══ Data shown

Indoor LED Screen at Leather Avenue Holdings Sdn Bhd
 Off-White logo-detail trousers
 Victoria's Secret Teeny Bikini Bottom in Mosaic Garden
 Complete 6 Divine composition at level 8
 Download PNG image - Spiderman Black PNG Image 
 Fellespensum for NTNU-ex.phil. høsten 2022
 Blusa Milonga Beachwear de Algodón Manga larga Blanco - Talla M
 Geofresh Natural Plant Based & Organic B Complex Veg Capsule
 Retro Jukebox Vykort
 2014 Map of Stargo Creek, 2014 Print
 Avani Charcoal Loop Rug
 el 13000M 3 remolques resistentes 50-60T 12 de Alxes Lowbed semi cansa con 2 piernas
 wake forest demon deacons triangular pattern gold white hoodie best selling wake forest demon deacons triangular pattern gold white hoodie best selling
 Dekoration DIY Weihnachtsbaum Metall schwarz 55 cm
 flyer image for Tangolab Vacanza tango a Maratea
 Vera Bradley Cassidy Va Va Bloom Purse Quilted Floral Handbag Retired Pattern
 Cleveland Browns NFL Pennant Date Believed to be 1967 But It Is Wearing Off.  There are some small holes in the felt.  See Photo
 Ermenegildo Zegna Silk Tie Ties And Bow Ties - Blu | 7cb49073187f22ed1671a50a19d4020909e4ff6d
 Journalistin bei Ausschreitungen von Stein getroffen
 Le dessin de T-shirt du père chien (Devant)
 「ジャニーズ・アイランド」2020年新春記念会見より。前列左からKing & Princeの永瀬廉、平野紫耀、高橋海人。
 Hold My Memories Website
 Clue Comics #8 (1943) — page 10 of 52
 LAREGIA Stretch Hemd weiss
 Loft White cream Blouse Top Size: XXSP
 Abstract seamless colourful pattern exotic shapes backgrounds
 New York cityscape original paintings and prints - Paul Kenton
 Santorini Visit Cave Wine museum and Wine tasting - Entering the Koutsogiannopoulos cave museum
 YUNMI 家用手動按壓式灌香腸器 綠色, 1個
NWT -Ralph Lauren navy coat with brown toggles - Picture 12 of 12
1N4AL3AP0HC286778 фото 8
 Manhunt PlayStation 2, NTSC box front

════

### Work request
Your answer should consist only of the lines above between the line holding "Fellespensum for NTNU-ex.phil. høsten 2022" and the line holding "el 13000M 3", inclusive, each transcribed exactly.

### Solution
 Fellespensum for NTNU-ex.phil. høsten 2022
 Blusa Milonga Beachwear de Algodón Manga larga Blanco - Talla M
 Geofresh Natural Plant Based & Organic B Complex Veg Capsule
 Retro Jukebox Vykort
 2014 Map of Stargo Creek, 2014 Print
 Avani Charcoal Loop Rug
 el 13000M 3 remolques resistentes 50-60T 12 de Alxes Lowbed semi cansa con 2 piernas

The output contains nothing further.